By Mark Trevelyan
(Reuters) – Russia reported fierce fighting on Sunday on three sections of the front line in Ukraine, a day after hosting an African peace mission that failed to spark enthusiasm from either Moscow or Kyiv.
A Russian-installed official said Ukraine had recaptured Piatykhatky, a village in the southern Zaporizhzhia region, and were entrenching themselves there while coming under fire from Russian artillery.
“The enemy’s ‘wave-like’ offensives yielded results, despite enormous losses,” the official, Vladimir Rogov, said on the Telegram messaging app.
Russia’s defence ministry made no mention of Piatykhatky in its daily update, in which it said its forces had repelled Ukrainian attacks in three sections of the 1,000 km (600 mile) front line.
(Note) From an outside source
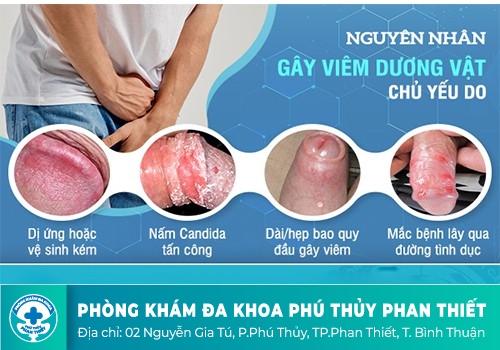 1 số hình ảnh dấu hiệu bệnh viêm dương vật ở nam giới?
A separate statement from Russia’s Vostok group of forces said Ukraine had failed to take the settlement.
Reuters could not independently verify the battlefield reports.
There was no comment from Ukraine, which last week said it had recaptured another nearby settlement, Lobkove, and a string of villages further east, in Donetsk region, at the start of its long-awaited counteroffensive.
Ukrainian officials have imposed an information blackout to help operational security, but say that Russia has suffered much greater losses than Ukraine has during its new assault.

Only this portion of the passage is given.